Book: A tale of education reform at Austin’s John H. Reagan High School

The new issue of Texas Monthly also features a book review of “Saving the School: The True Story of a Principal, a Teacher, a Coach, a Bunch of Kids, and a Year in the Crosshairs of Education Reform” by Michael Brick. “Why Johnny Can’t Learn”, Elizabeth Green, Texas Monthly, August 2012.

The book’s author casts education reformers as the enemy:

Reformers, he asserts, are not educators but “profiteers” intent on “selling out” public education by imposing a corporate “reward and punishment system” ill-suited to the task of cultivating minds.

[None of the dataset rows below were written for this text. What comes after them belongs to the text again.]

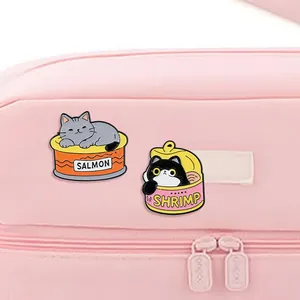 Détail des broches chat en émail saumon et crevette sur une pochette rose à fermeture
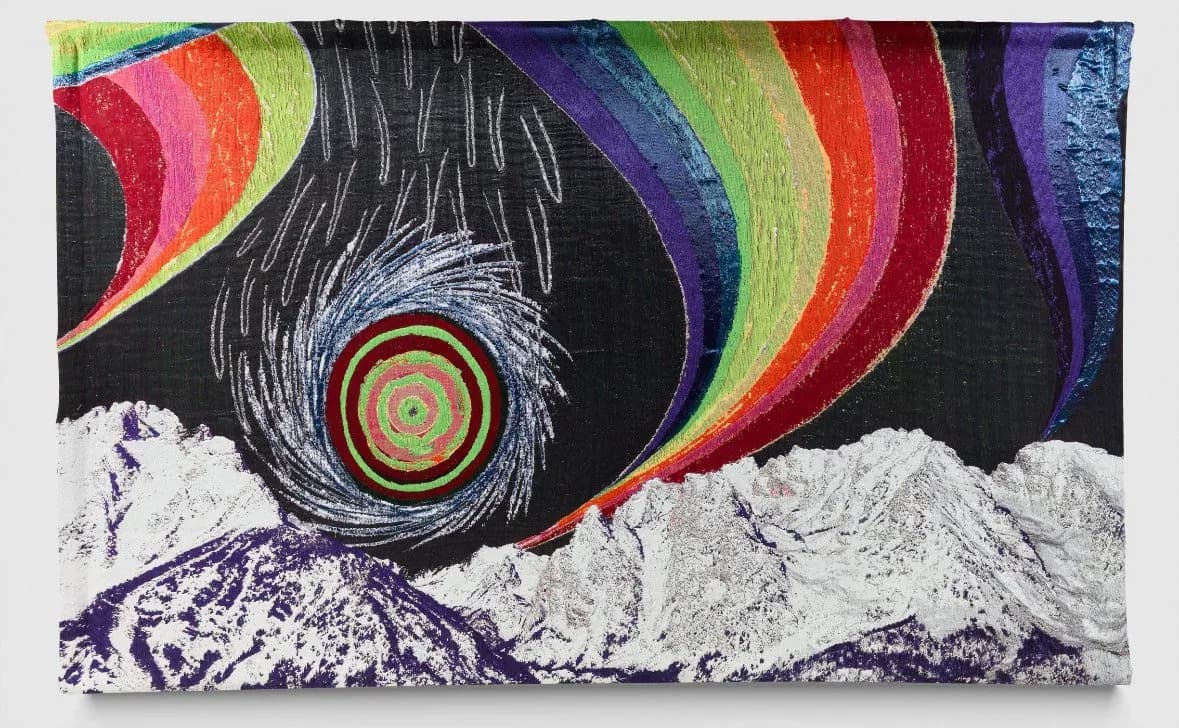 Colorful abstract textile or fiber art featuring concentric circles, curved rainbow stripes, and mountain landscape imagery on black background by Liz Collins.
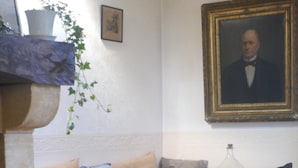 Un salon avec un canapé, des coussins, un pouf en osier, un portrait encadré accroché au mur et une plante en pot.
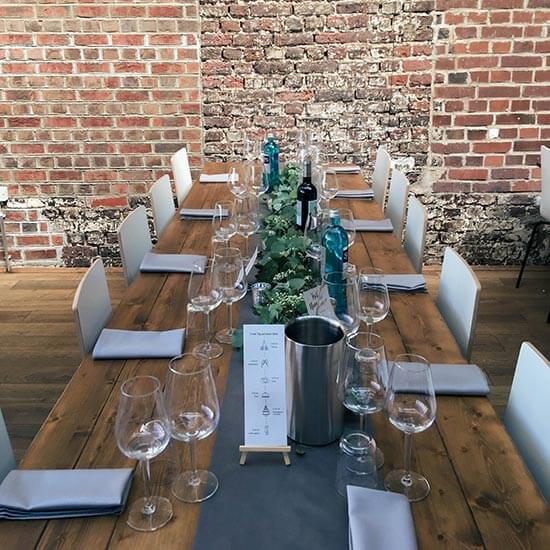 Festlich gedeckter Holztisch mit Weinflaschen, Gläsern und grüner Tischdekoration vor einer rustikalen Backsteinwand – perfekt für Feiern oder Firmenevents.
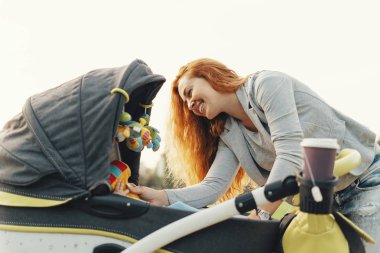 Oynama ve onun küçük bebek ile eğlenmek mutlu genç anne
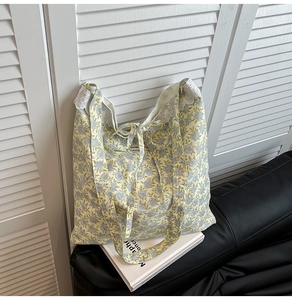 Détail du sac cabas floral jaune avec bordure en dentelle blanche et nœud élégant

The book’s hero is principal Anabel Garza. Squeezed by regulations, she makes a perverse decision:

He describes, for instance, how Garza works to meet the state’s goal for the “completion rate,” an approximation of the number of students who graduate or get a GED in four years. Garza points out that if students fail to enroll or are absent often enough that she can kick them out, then the won’t be counted among the students who are expected to finish. And voilà! Reagan’s completion rate rises. “I’m going to run it till somebody stops me and calls me on it,” Garza says, explaining her plan to drop student with unexcused absences.

By the end of the 2009-10 school year, the school must either raise its standardized test scores, or it will be closed. The reviewer notes, however, that for this school and for these students, success is hard to define and grasp.